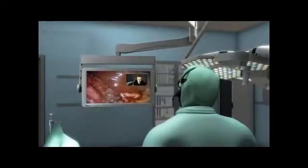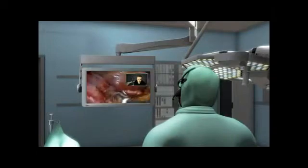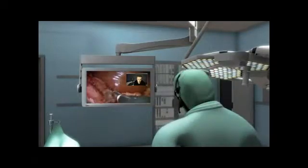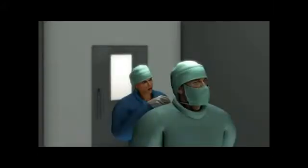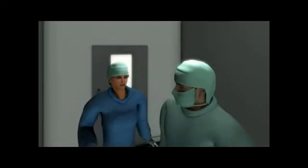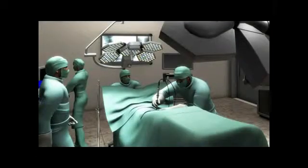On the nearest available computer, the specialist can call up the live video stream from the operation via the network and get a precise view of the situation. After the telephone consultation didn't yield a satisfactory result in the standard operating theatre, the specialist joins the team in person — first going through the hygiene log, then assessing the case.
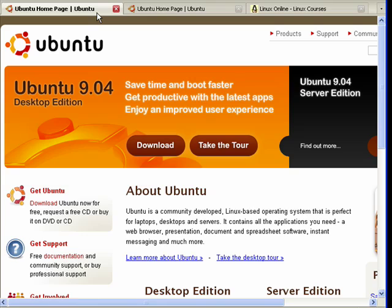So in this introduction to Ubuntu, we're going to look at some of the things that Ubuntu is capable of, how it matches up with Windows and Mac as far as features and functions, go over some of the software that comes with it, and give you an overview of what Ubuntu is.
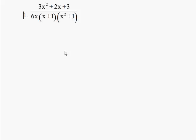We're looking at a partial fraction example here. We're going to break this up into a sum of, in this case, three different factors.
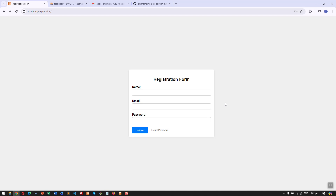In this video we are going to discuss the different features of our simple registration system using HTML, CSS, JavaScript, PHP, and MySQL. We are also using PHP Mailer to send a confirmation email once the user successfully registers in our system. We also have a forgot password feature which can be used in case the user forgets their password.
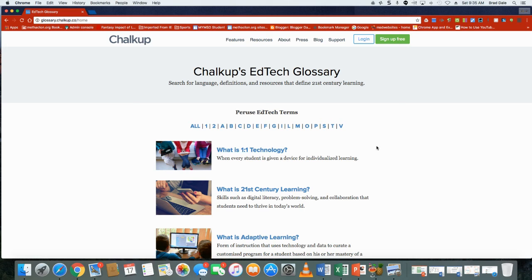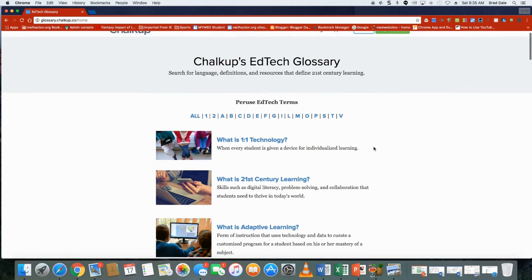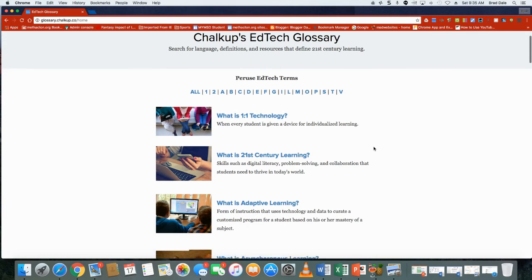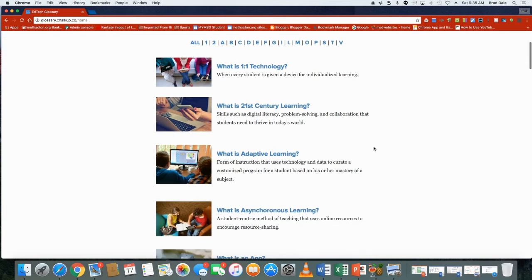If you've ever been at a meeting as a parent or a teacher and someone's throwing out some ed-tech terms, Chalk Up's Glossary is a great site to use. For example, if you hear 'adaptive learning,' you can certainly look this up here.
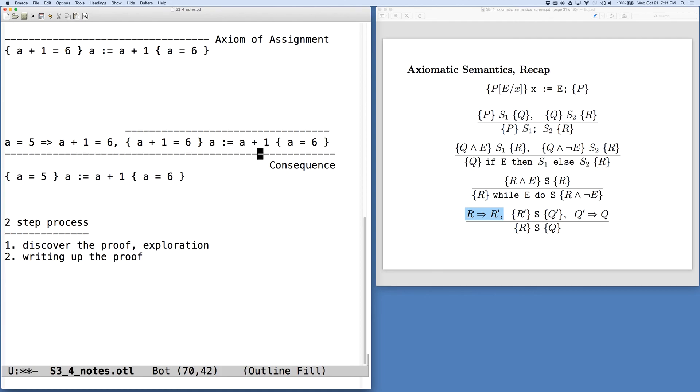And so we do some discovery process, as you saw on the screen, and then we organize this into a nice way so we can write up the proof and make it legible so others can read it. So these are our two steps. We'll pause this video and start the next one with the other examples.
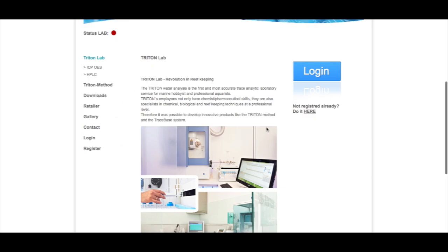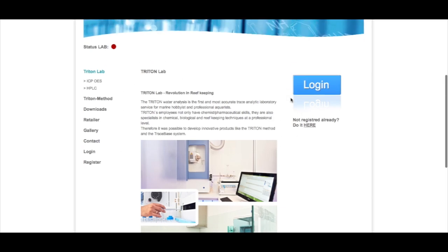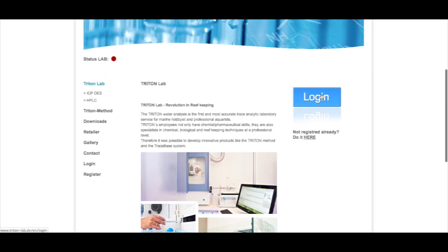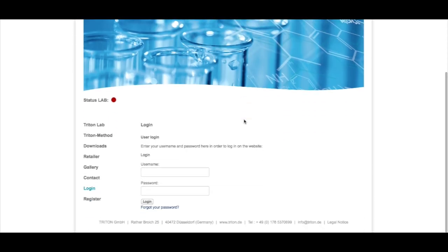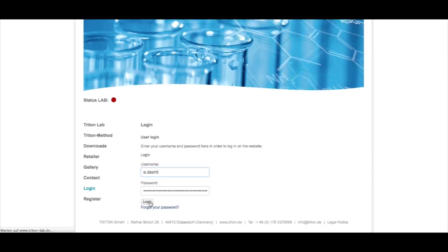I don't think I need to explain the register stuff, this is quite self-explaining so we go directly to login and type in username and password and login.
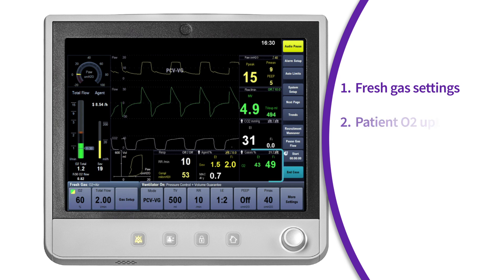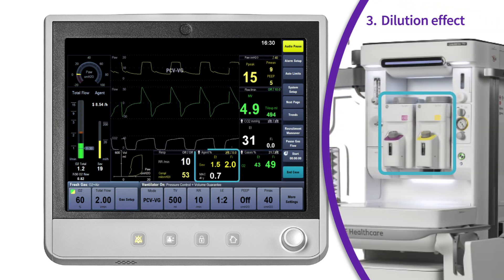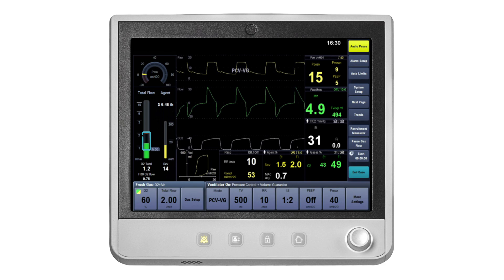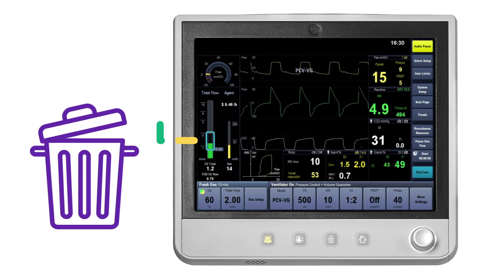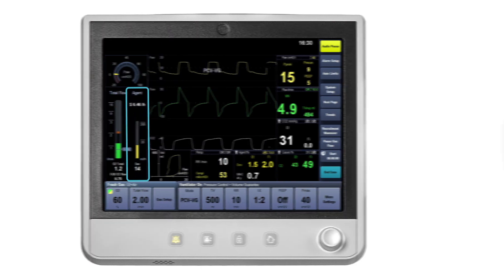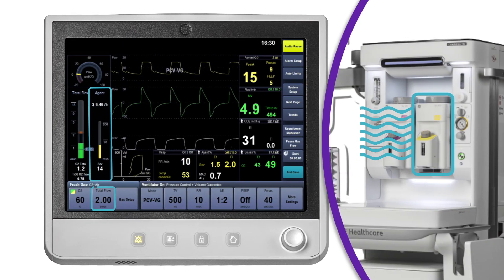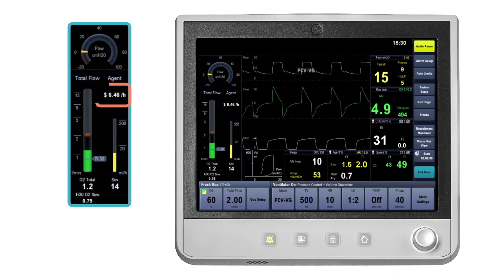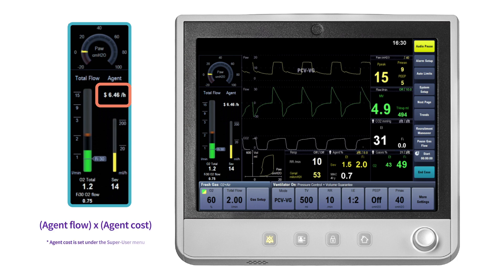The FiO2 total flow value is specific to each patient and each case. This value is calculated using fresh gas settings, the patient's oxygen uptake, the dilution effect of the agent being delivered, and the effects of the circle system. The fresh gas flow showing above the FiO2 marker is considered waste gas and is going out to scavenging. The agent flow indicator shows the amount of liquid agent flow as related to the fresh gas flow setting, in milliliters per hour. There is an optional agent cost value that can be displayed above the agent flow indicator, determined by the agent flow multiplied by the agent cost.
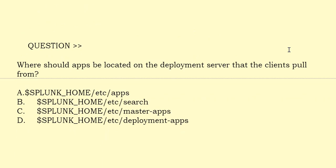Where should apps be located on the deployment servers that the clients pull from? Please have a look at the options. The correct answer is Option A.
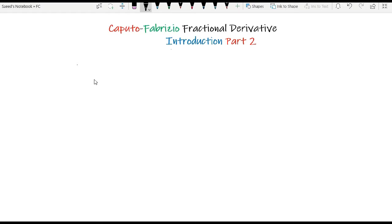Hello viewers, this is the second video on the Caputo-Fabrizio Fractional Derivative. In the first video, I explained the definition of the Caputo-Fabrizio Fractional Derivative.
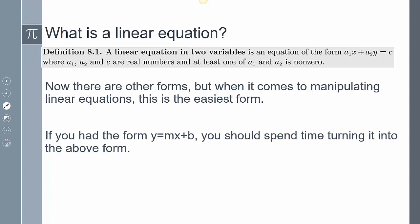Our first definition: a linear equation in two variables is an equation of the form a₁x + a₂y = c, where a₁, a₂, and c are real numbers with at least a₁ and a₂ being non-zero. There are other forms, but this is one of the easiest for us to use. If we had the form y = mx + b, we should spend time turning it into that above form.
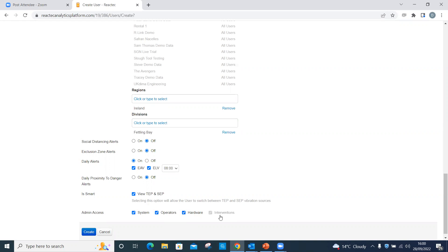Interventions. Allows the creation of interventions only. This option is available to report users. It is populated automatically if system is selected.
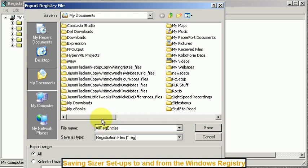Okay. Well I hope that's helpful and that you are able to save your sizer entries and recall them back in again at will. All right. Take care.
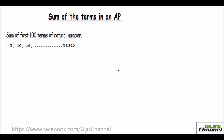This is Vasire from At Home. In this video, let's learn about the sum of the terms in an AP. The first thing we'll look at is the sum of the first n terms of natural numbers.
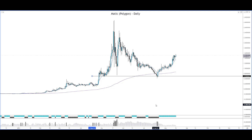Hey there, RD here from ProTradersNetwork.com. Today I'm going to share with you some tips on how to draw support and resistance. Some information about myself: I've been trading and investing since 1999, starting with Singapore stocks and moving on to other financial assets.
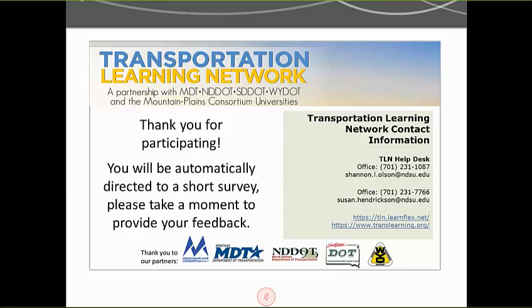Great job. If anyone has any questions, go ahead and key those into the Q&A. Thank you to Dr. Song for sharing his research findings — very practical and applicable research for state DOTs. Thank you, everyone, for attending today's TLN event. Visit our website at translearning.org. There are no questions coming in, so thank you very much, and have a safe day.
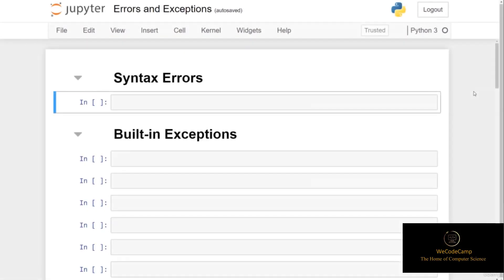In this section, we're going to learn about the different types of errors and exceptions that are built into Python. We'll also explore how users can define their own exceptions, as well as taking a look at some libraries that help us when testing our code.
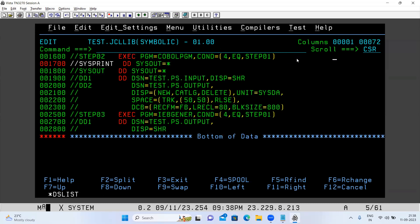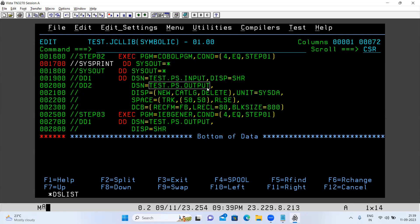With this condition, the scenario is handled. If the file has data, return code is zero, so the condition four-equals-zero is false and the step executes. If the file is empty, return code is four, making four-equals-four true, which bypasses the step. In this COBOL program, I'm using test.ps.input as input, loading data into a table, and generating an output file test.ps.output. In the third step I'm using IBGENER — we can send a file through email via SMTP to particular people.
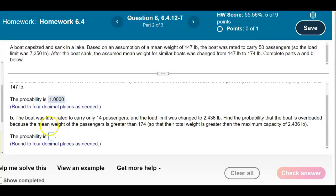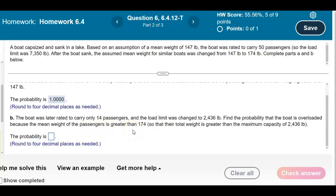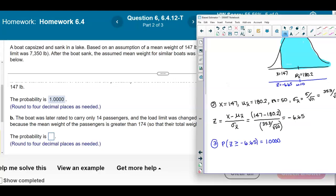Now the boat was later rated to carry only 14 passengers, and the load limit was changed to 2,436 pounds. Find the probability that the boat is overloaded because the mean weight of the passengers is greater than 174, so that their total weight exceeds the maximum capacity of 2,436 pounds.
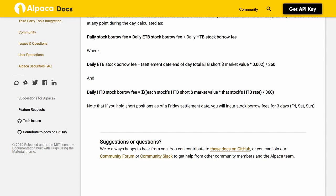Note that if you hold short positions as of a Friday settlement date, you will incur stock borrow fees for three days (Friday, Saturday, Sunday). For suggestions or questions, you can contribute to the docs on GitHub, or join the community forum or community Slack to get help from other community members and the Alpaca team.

_ _ _ _ _

=== EXERCISE BRIEF ===
Please retype the records above exactly, excluding every picture.

=== RESULT OF THIS TASK ===
On the nearest available computer, the specialist can call up the live video stream from the operation via the network and get a precise view of the situation. After the telephone consultation didn't yield a satisfactory result in the standard operating theatre, the specialist joins the team in person — first going through the hygiene log, then assessing the case.
So in this introduction to Ubuntu, we're going to look at some of the things that Ubuntu is capable of, how it matches up with Windows and Mac as far as features and functions, go over some of the software that comes with it, and give you an overview of what Ubuntu is.
We're looking at a partial fraction example here. We're going to break this up into a sum of, in this case, three different factors.
In this video we are going to discuss the different features of our simple registration system using HTML, CSS, JavaScript, PHP, and MySQL. We are also using PHP Mailer to send a confirmation email once the user successfully registers in our system. We also have a forgot password feature which can be used in case the user forgets their password.
If you've ever been at a meeting as a parent or a teacher and someone's throwing out some ed-tech terms, Chalk Up's Glossary is a great site to use. For example, if you hear 'adaptive learning,' you can certainly look this up here.
And so we do some discovery process, as you saw on the screen, and then we organize this into a nice way so we can write up the proof and make it legible so others can read it. So these are our two steps. We'll pause this video and start the next one with the other examples.
I don't think I need to explain the register stuff, this is quite self-explaining so we go directly to login and type in username and password and login.
The FiO2 total flow value is specific to each patient and each case. This value is calculated using fresh gas settings, the patient's oxygen uptake, the dilution effect of the agent being delivered, and the effects of the circle system. The fresh gas flow showing above the FiO2 marker is considered waste gas and is going out to scavenging. The agent flow indicator shows the amount of liquid agent flow as related to the fresh gas flow setting, in milliliters per hour. There is an optional agent cost value that can be displayed above the agent flow indicator, determined by the agent flow multiplied by the agent cost.
Where should apps be located on the deployment servers that the clients pull from? Please have a look at the options. The correct answer is Option A.
Hello viewers, this is the second video on the Caputo-Fabrizio Fractional Derivative. In the first video, I explained the definition of the Caputo-Fabrizio Fractional Derivative.
Our first definition: a linear equation in two variables is an equation of the form a₁x + a₂y = c, where a₁, a₂, and c are real numbers with at least a₁ and a₂ being non-zero. There are other forms, but this is one of the easiest for us to use. If we had the form y = mx + b, we should spend time turning it into that above form.
Interventions. Allows the creation of interventions only. This option is available to report users. It is populated automatically if system is selected.
Okay. Well I hope that's helpful and that you are able to save your sizer entries and recall them back in again at will. All right. Take care.
This is Vasire from At Home. In this video, let's learn about the sum of the terms in an AP. The first thing we'll look at is the sum of the first n terms of natural numbers.
Hey there, RD here from ProTradersNetwork.com. Today I'm going to share with you some tips on how to draw support and resistance. Some information about myself: I've been trading and investing since 1999, starting with Singapore stocks and moving on to other financial assets.
Great job. If anyone has any questions, go ahead and key those into the Q&A. Thank you to Dr. Song for sharing his research findings — very practical and applicable research for state DOTs. Thank you, everyone, for attending today's TLN event. Visit our website at translearning.org. There are no questions coming in, so thank you very much, and have a safe day.
In this section, we're going to learn about the different types of errors and exceptions that are built into Python. We'll also explore how users can define their own exceptions, as well as taking a look at some libraries that help us when testing our code.
With this condition, the scenario is handled. If the file has data, return code is zero, so the condition four-equals-zero is false and the step executes. If the file is empty, return code is four, making four-equals-four true, which bypasses the step. In this COBOL program, I'm using test.ps.input as input, loading data into a table, and generating an output file test.ps.output. In the third step I'm using IBGENER — we can send a file through email via SMTP to particular people.
Now the boat was later rated to carry only 14 passengers, and the load limit was changed to 2,436 pounds. Find the probability that the boat is overloaded because the mean weight of the passengers is greater than 174, so that their total weight exceeds the maximum capacity of 2,436 pounds.
Note that if you hold short positions as of a Friday settlement date, you will incur stock borrow fees for three days (Friday, Saturday, Sunday). For suggestions or questions, you can contribute to the docs on GitHub, or join the community forum or community Slack to get help from other community members and the Alpaca team.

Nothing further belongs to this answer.